*** Opening EXERCISE DATA ***

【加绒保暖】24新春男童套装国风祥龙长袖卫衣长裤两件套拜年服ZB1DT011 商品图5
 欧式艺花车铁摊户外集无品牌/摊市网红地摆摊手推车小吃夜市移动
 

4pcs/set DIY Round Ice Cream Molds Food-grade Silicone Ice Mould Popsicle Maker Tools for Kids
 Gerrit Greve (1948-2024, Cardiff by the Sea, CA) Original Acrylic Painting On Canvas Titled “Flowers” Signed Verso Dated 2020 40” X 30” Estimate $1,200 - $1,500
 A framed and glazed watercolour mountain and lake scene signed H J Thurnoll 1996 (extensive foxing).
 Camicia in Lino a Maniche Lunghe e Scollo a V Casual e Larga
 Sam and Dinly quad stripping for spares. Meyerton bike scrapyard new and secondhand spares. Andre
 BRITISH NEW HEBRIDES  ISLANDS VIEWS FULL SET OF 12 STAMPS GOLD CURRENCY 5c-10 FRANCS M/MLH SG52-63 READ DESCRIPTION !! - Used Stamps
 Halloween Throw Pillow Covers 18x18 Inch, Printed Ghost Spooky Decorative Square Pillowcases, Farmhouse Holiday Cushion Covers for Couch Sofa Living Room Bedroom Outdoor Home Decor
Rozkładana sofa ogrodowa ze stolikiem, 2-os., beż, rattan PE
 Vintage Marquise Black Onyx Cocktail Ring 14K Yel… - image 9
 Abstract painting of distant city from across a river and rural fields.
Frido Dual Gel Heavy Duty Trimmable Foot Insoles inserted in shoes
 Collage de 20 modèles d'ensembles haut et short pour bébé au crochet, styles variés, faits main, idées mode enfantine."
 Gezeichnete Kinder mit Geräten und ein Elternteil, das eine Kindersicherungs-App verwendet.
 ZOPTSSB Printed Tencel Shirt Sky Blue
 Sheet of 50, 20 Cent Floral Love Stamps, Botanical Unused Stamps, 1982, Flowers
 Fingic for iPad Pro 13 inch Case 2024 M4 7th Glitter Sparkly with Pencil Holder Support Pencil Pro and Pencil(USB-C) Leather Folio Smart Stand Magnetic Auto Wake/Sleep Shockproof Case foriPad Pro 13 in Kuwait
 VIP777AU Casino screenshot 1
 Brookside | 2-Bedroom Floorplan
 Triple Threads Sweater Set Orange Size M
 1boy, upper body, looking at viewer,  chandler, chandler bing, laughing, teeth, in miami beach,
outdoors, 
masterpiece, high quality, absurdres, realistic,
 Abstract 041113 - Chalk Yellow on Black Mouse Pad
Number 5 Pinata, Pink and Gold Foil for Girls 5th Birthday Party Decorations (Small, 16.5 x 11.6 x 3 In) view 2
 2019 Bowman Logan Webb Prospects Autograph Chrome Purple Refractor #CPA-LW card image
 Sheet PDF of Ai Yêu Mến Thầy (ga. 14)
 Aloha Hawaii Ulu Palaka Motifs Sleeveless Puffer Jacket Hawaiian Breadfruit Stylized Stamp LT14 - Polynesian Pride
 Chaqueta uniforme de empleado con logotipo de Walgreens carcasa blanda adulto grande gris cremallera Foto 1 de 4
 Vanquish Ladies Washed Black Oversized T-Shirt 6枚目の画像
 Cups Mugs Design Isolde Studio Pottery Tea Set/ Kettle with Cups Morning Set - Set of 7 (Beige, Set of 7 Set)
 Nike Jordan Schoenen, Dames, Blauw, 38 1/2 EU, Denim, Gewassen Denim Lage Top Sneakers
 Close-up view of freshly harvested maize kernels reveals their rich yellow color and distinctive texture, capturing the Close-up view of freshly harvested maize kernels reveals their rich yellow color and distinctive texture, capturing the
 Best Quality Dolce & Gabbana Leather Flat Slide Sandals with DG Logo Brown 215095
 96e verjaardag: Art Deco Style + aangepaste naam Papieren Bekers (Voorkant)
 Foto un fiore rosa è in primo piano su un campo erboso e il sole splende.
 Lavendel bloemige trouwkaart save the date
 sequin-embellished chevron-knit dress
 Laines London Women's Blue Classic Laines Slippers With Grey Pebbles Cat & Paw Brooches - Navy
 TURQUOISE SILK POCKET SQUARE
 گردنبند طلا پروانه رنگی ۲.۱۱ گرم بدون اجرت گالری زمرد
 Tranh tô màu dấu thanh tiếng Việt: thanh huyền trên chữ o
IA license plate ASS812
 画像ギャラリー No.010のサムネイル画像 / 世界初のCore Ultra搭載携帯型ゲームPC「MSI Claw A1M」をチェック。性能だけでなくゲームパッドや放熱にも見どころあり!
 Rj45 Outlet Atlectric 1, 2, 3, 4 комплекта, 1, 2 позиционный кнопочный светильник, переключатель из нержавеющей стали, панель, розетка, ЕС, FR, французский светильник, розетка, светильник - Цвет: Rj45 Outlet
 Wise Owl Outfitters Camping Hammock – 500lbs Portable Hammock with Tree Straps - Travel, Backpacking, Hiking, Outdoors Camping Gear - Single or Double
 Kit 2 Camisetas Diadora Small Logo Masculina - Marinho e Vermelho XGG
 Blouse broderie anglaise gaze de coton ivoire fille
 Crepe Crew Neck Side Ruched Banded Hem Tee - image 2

*** Closing EXERCISE DATA ***

● **DIRECTIONS**:
With "Blue" as the search string, filter the records and return each line that has it.

● **TASK SOLUTION**:
 ZOPTSSB Printed Tencel Shirt Sky Blue
 Laines London Women's Blue Classic Laines Slippers With Grey Pebbles Cat & Paw Brooches - Navy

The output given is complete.